Hylfe ich komm aus dem lachen nimmer naus ...... wahahhahahhahahahahhhhhhhhhhhhhhhhhaaaaaaaaaaaaaaaaaaaaaaaa   :Laughing:   :Laughing:   :Laughing: 

*edit - Think4UrS11* ich habe mir mal erlaubt die nächsten 200  :Laughing:  zu löschen, wir verstehen dich auch so dakjo  :Wink: 

----------

## Keepoer

Supergeil!

Die Daten, die ich bei nem Hack raushole, die passen auf keine Double-Layer!"

Köstlich!  :Laughing:   :Laughing:   :Laughing: 

Danke für diesen wunderbaren Link!

----------

## franzf

 *Keepoer wrote:*   

> Die Daten, die ich bei nem Hack raushole, die passen auf keine Double-Layer!"

 

Drum kauf ich mir ja auch immer eine 160-GB-Festplatte, wo die Daten alle drauf kommen. Danach leg ich die Platte in den Schrank weil man darf das ja nicht auf seinem PC haben...

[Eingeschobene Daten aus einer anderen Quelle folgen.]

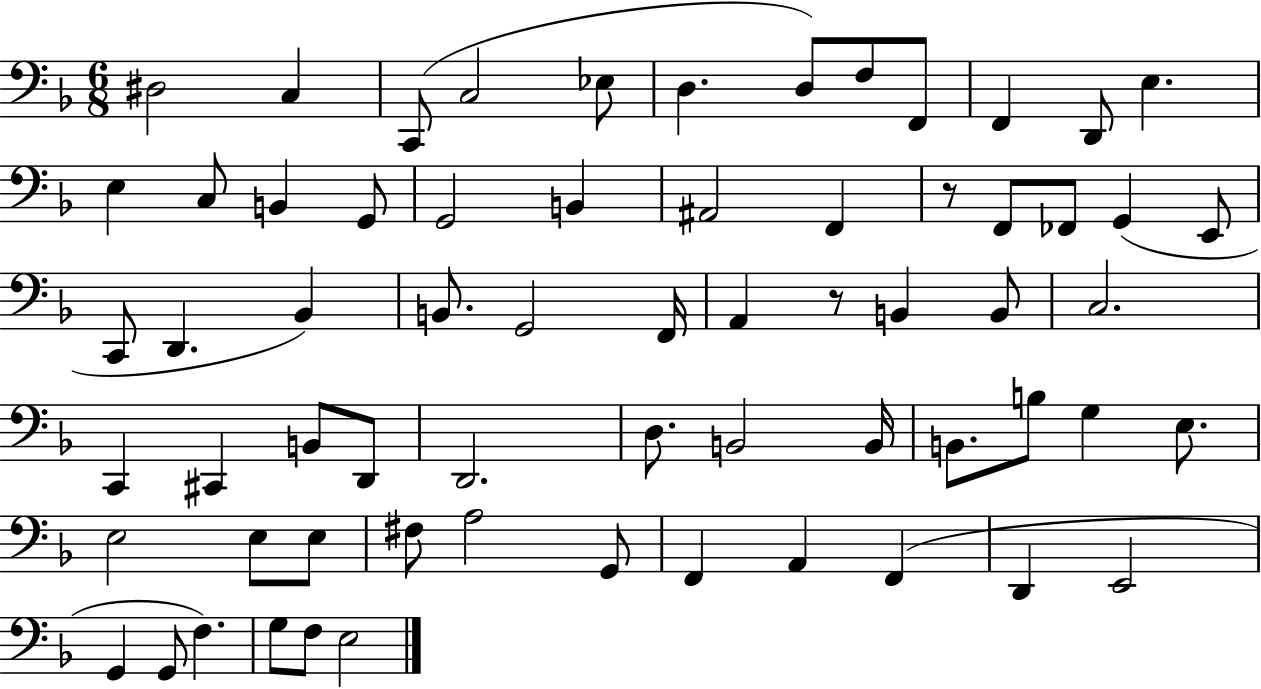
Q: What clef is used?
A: bass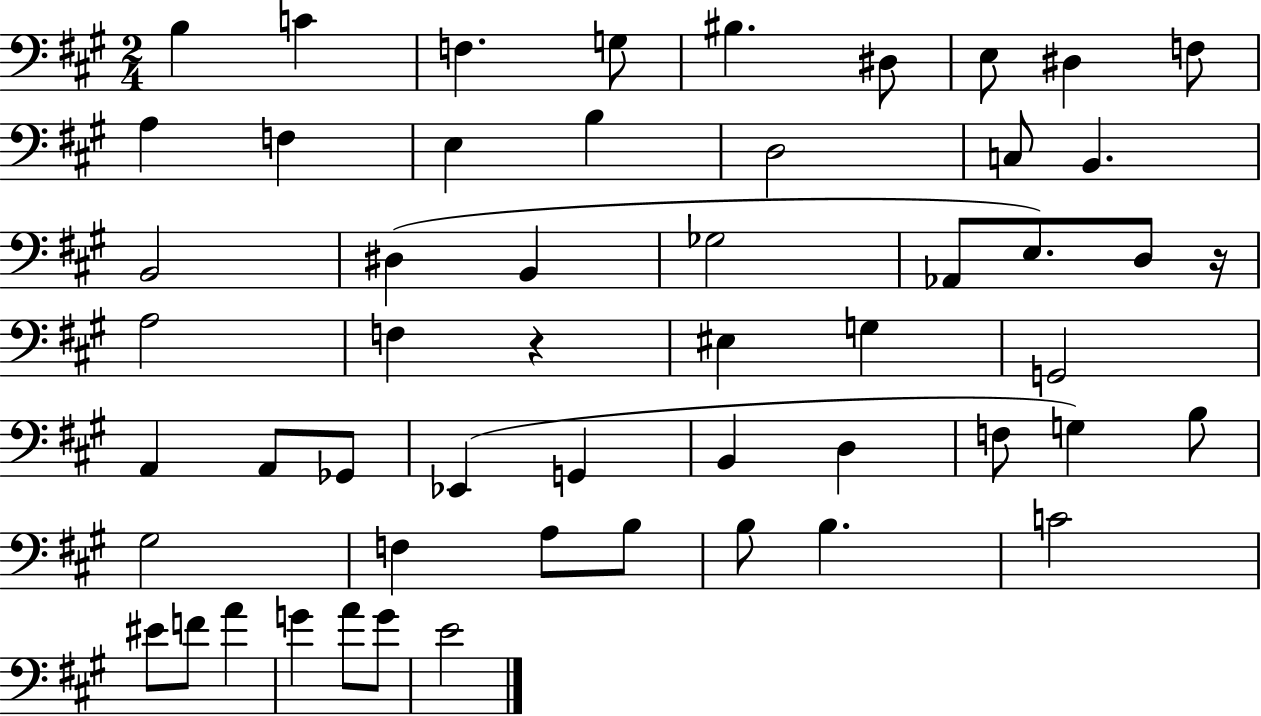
B3/q C4/q F3/q. G3/e BIS3/q. D#3/e E3/e D#3/q F3/e A3/q F3/q E3/q B3/q D3/h C3/e B2/q. B2/h D#3/q B2/q Gb3/h Ab2/e E3/e. D3/e R/s A3/h F3/q R/q EIS3/q G3/q G2/h A2/q A2/e Gb2/e Eb2/q G2/q B2/q D3/q F3/e G3/q B3/e G#3/h F3/q A3/e B3/e B3/e B3/q. C4/h EIS4/e F4/e A4/q G4/q A4/e G4/e E4/h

 :Laughing:  Du bist der größte ^^

(Ich weiß ja nicht, aber irgendwoher kommt mir das Gesicht bekannt vor... Ist das Elton?!? ^^)

----------

## pablo_supertux

hm... das war so ein langweiliges Gequatsche, nach 2 Minuten hab ich das Fenster vor Langeweile zugemacht   :Rolling Eyes: 

 *franzf wrote:*   

> 
> 
> (Ich weiß ja nicht, aber irgendwoher kommt mir das Gesicht bekannt vor... Ist das Elton?!? ^^)

 

erstaunlicherweise dachte ich genau dasselbe

----------

## bbgermany

geil ist der4 typ ja, aber wenn der "labert" fallen mir die augen zu.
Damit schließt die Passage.